Couple useful metrics from service side if it helps:

Per-namespace poller counts (workflow/activity pollers). If this goes to 0 (or down and you don’t have auto-scaling) can be a pretty good indication your workers stoped polling cause down or are at capacity and no longer polling.
sum(service_pending_requests{service_name="frontend"}) by (namespace)

Task queue (matching service) backlog
histogram_quantile(0.95, sum(rate(service_latency_bucket{operation=~"PollActivityTaskQueue|PollWorkflowTaskQueue"}[5m])) by (operation, le))

If you see latencies go up can be indication of workers stopped/are not polling as well as can be indication of not having enough workers for generated workload.

Sync match rate:
sum(rate(poll_success_sync{}[1m])) / sum(rate(poll_success{}[1m]))

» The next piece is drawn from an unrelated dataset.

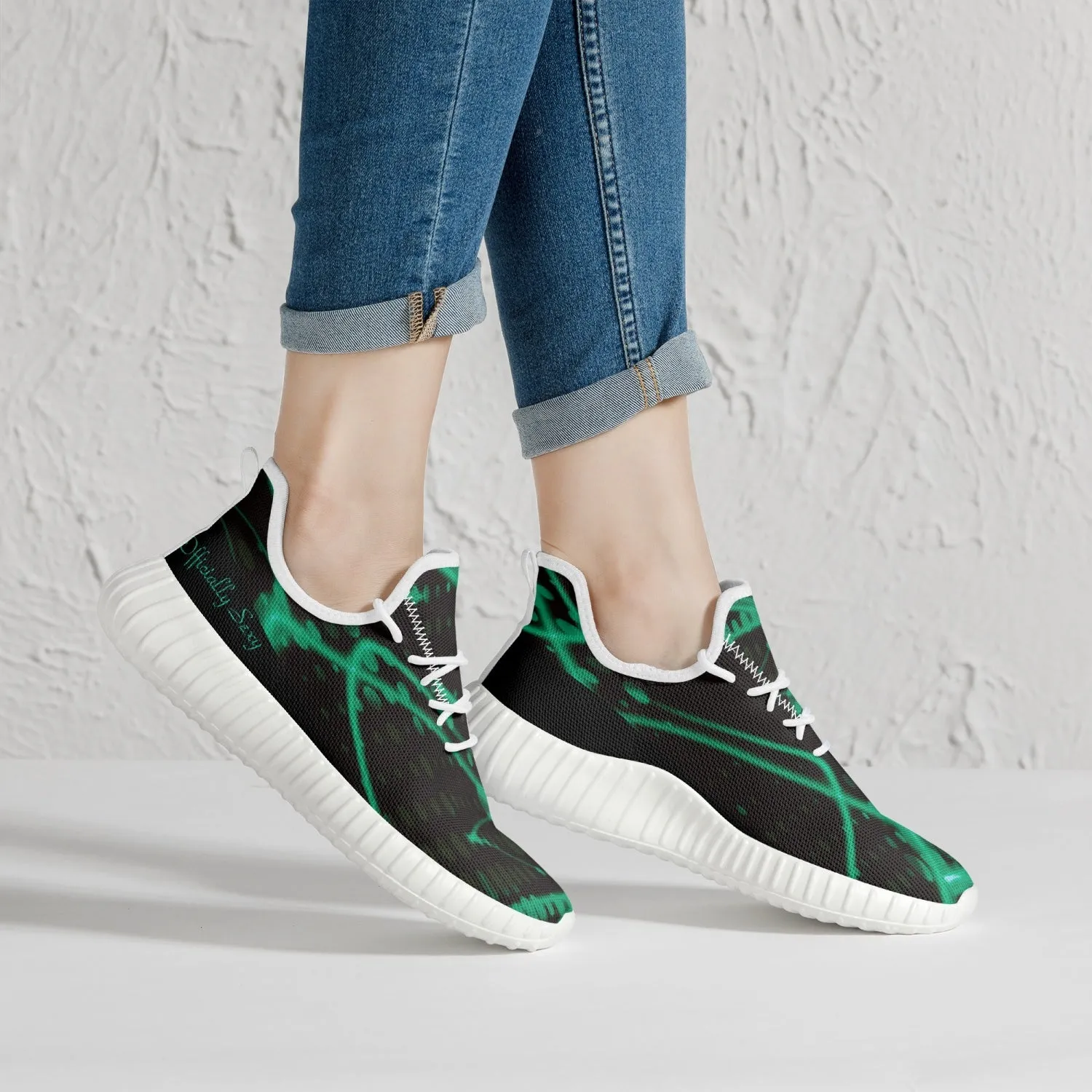 Officially Sexy Baby Mint & Black Laser Print Mesh Knit Sneakers - With White or Black Sole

If drops to 0 can mean worker down/no longer polling. Can be filtered by type (workflow tasks/activity tasks)
Related also on persistence side:
sum(rate(persistence_requests{operation="CreateTask"}[1m]))
This should go up (tasks written to db) only when there are no pollers available to pick up tasks from matching task queues

2 Likes

If I am getting an empty response for describe_task_queue call what does it mean?
My code looks like this

   from temporalio.api.workflowservice import v1

    result = await client.workflow_service.describe_task_queue(
        v1.DescribeTaskQueueRequest(
            namespace="namespace",
            task_queue=api.taskqueue.v1.TaskQueue(name="task_queue"),
        )
    )

result would be the protobuf form of DescribeTaskQueueResponse. The API is a bit advanced, but you can use the pollers collection there to see what workers have polled “recently”.

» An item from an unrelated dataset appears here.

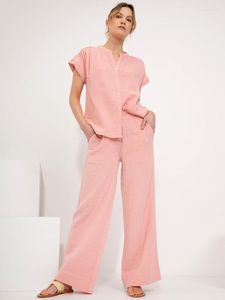 Pantalon deux pièces femme rose coton lin 2 ensemble pour femme Chic col rond chemise à manches courtes et taille haute jambe costume 2023 été décontracté vacances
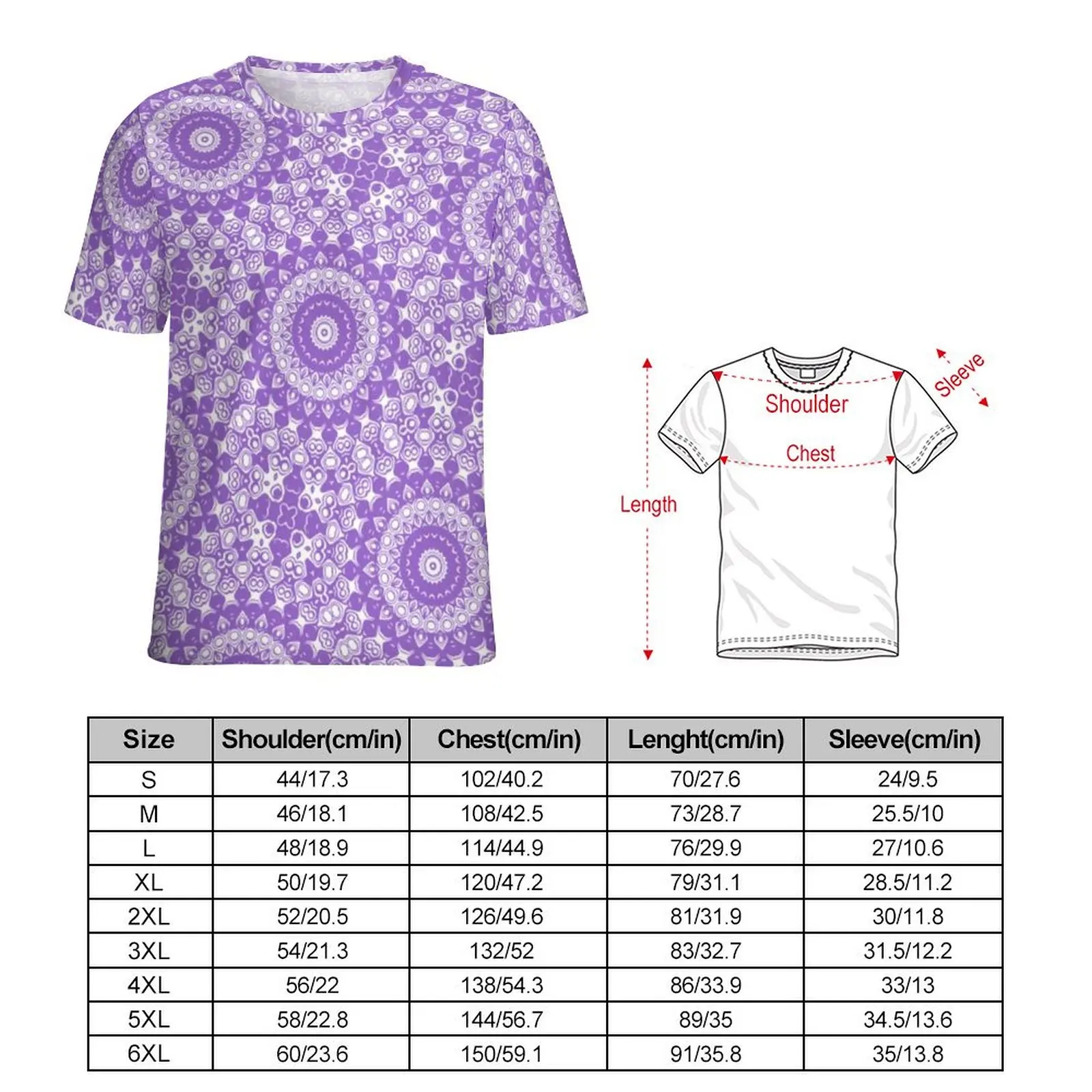 Amethyst Lavender Mandala T Shirt Purple And White Teal Floral Trendy T Shirts Short Sleeves Street Wear Tshirt Summer Clothes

The recommendation is still to keep track of your workers you start if you want to know which ones are running as this only shows polled recently.

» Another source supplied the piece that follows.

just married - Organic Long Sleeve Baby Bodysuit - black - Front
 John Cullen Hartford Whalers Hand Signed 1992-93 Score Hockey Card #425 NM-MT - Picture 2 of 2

I am also looking for the same mechanism. I tried the DescribeTaskQueue but it is returning empty pollers.

@Chad_Retz The following code worked for me:

result = await client.workflow_service.describe_task_queue(
        v1.DescribeTaskQueueRequest(
            namespace=TEMPORAL_CONSTANTS.NAMESPACE,
            include_task_queue_status=True,
            task_queue_type=TaskQueueType.TASK_QUEUE_TYPE_WORKFLOW,
            task_queue=TaskQueue(name=TEMPORAL_CONSTANTS.TASK_QUEUE, kind=TaskQueueKind.TASK_QUEUE_KIND_NORMAL),
        )
    )

    print(result.pollers)

I have a couple of questions:

  • What is the default Worker Polling Interval?
  • How long will the worker show up in the poller’s result? I am asking in case of a Worker Shutdown.

The poller set on that call is eventually consistent, and just because a worker isn’t polling doesn’t mean it’s not running, it just may be “full”.

Worker polling times out at around a minute.

I am not exactly sure, would have to check. But you should not rely on this eventually consistent method. I would recommend you notify yourself if you are calling shutdown or the worker returns from “run”. That is a better method to know about your worker instead of relying on this value from the server. Worker metrics can also be used to determine amount of work moving through.

@Chad_Retz we’re implementing this to work around [Bug] Worker.finalize_shutdown seems to hang when poll never succeeded due to server permission failure · Issue #667 · temporalio/sdk-core · GitHub, so in our case we’re not actually calling shutdown, nor is run() returning.

You may have to wait on bug completion, but in the meantime, you may need to look at logs/metrics to determine whether you are having poll failures.

Which metrics can we use to determine polling failures? Is there any API available?

The SDK metrics are listed here. In this case, temporal_long_request_failure should increment on each failure. Here is a sample showing how to configure Prometheus metrics, and here is one for OpenTelemetry (though that includes tracing part too which you may not need).

Thanks, @Chad_Retz. Do you have an idea of when that Worker shutdown bug will be fixed? It’ll help us decide if it’s worth the effort of enabling metrics in the SDK, writing a liveness probe that queries Prometheus, etc. vs just waiting for the fix.

I am afraid I do not have a timeline, sorry. We will look into prioritizing it. But you will want metrics available all the time anyways. Permission denial (as a result of invalid client options for a worker) is but one of many reasons a poll call could fail.